* _How to complete this task_: Extract, exactly and without pictures, every line from the one that includes "a woman wearing" through the final line of the material below.

* _Data section_:

= = =

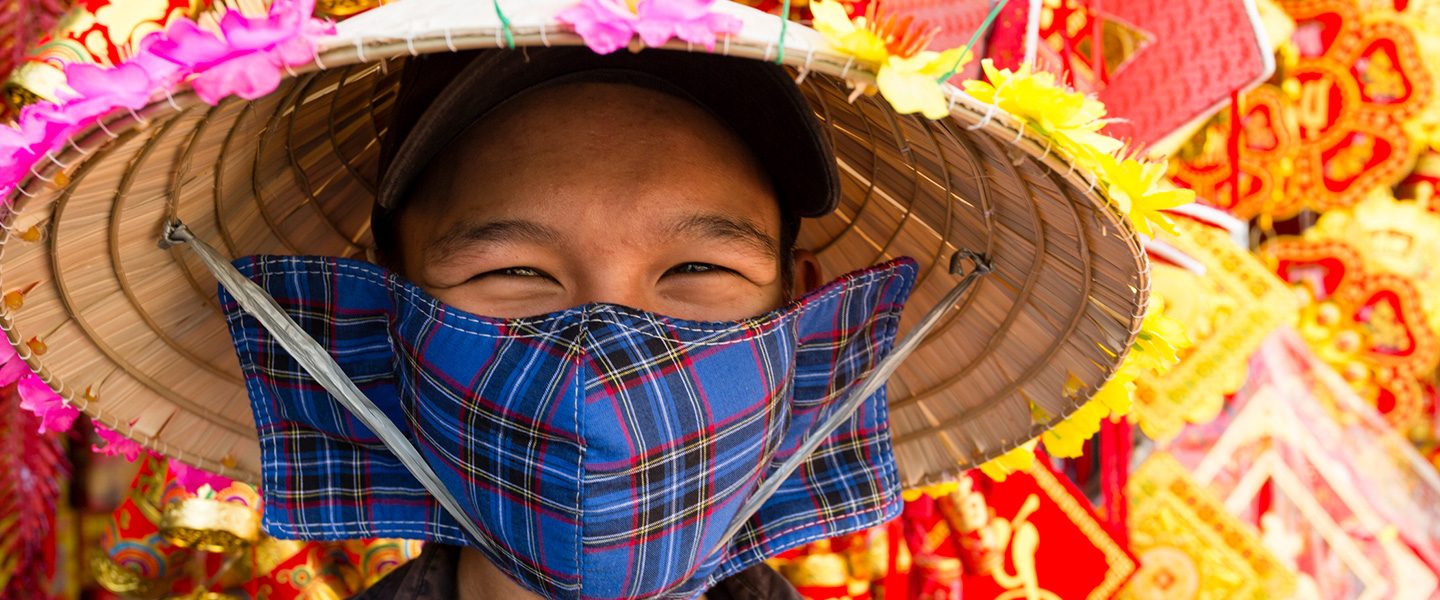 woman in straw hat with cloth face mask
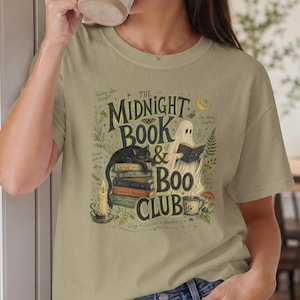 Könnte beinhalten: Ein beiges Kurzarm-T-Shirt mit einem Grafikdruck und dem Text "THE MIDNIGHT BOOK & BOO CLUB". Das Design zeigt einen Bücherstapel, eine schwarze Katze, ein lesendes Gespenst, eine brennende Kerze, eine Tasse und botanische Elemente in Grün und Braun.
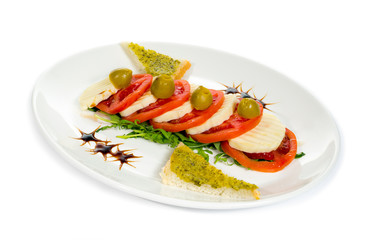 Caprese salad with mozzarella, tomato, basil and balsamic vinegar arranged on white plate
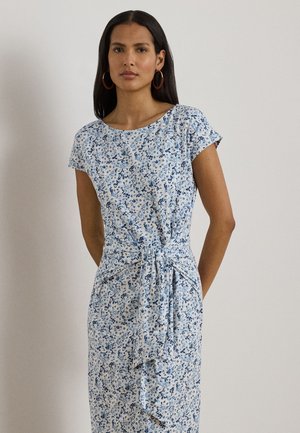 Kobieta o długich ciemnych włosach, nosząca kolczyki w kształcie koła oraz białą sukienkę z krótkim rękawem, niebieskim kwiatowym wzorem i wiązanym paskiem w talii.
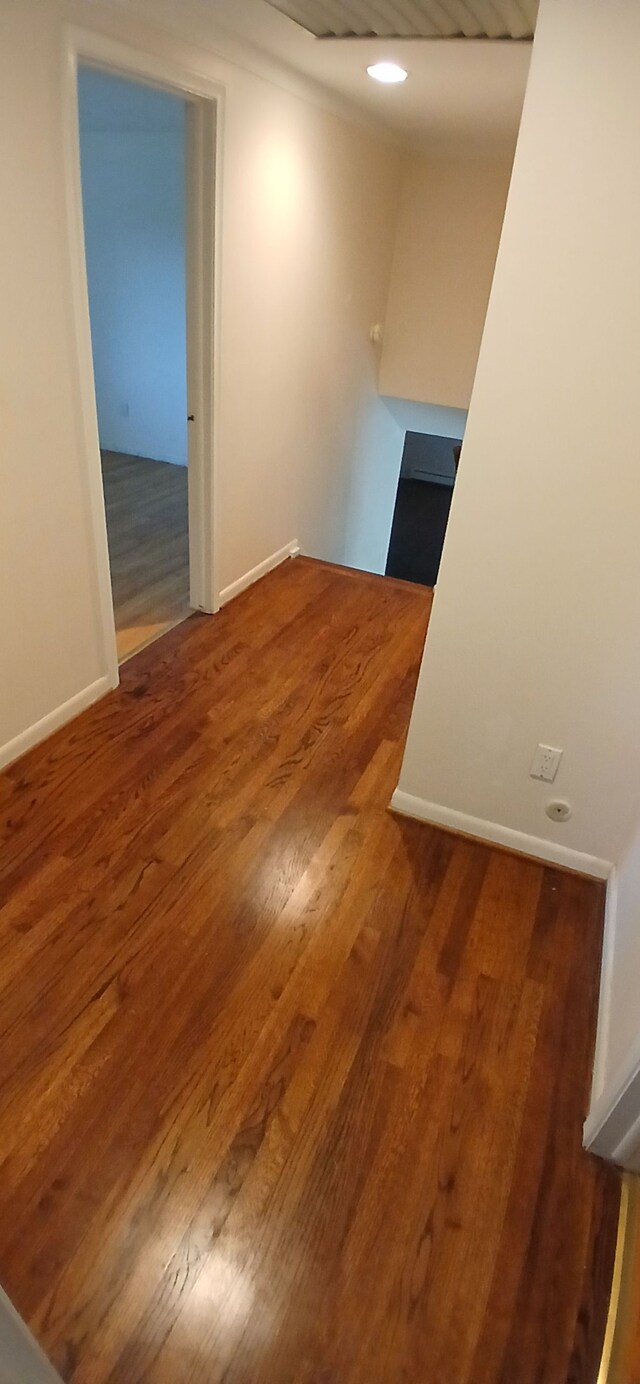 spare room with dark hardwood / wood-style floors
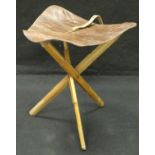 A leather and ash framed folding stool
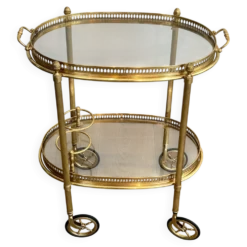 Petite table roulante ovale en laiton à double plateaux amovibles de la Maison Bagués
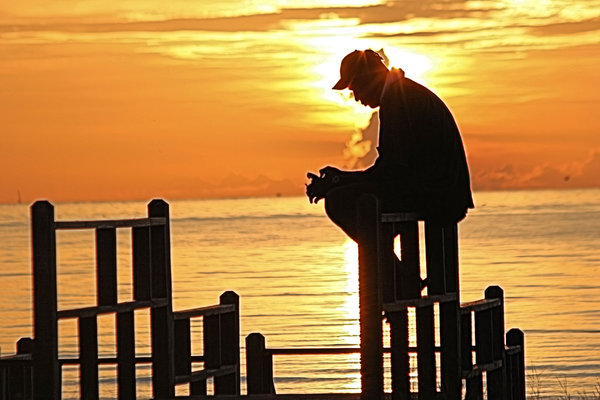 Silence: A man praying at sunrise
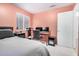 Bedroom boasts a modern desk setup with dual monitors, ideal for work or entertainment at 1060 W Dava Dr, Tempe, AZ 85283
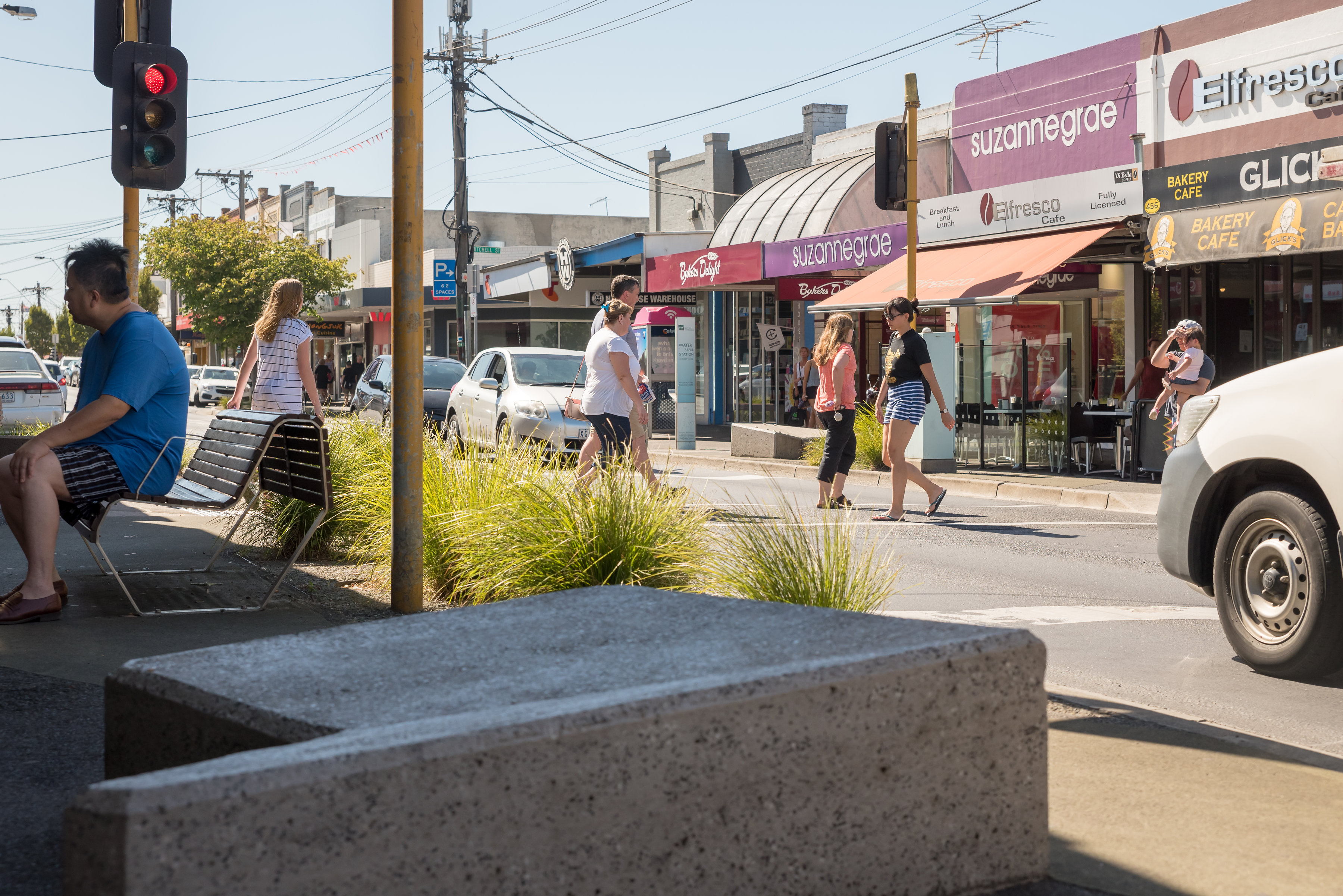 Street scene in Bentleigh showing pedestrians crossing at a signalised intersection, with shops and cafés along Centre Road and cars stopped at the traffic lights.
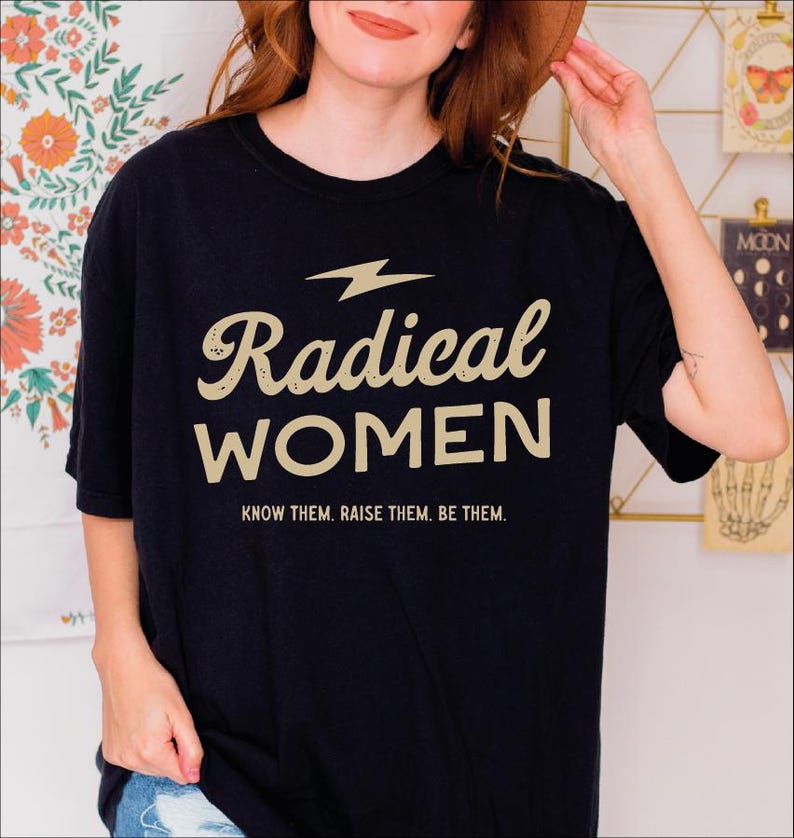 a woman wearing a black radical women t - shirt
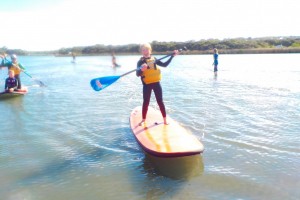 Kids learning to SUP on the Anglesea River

= = =

* _Answer_:
 a woman wearing a black radical women t - shirt
 Kids learning to SUP on the Anglesea River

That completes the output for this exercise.